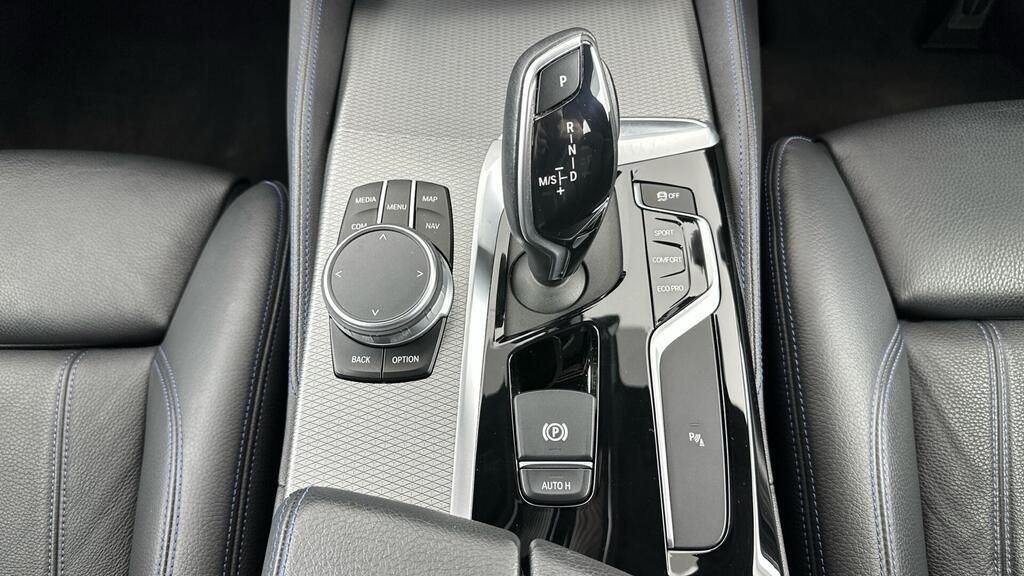 
								2020 BMW 5 Series 530i M Sport full									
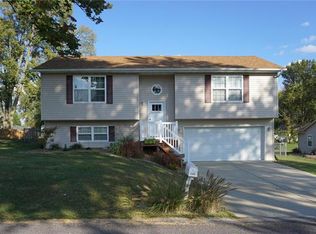 2340 Williams St, Maryville, IL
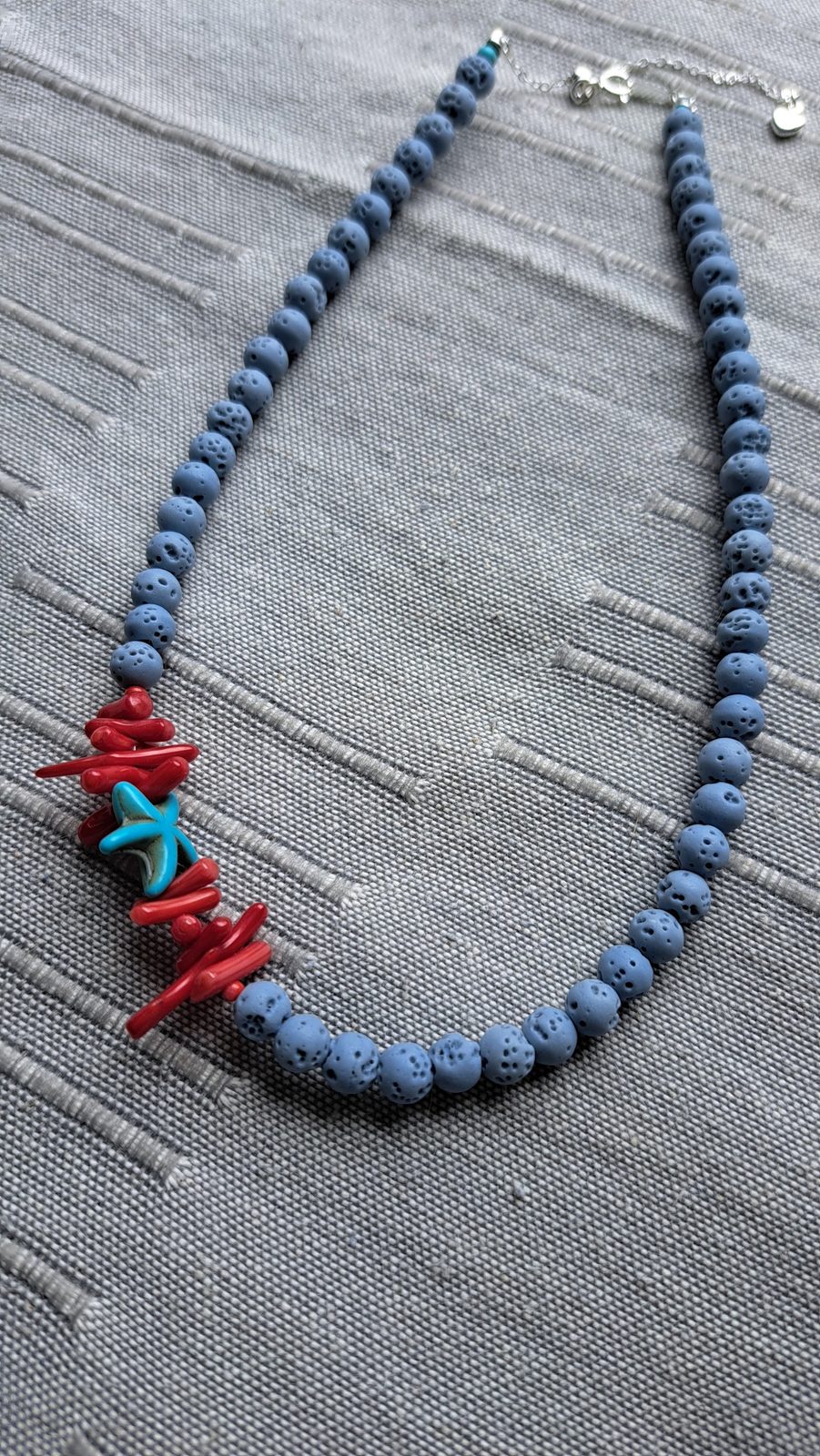 Lava stone si coral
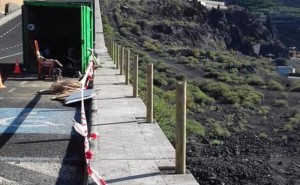 Charco Verde: Geländer für den Weg an den Strand. Foto: Los Llanos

• **Task details**
Leave out the pictures, then reproduce exactly the run of lines from the one that contains "2340 Williams St, Maryville, IL" to the final line of the listing above.

• **Solution to the exercise**
 2340 Williams St, Maryville, IL
 Lava stone si coral
 Charco Verde: Geländer für den Weg an den Strand. Foto: Los Llanos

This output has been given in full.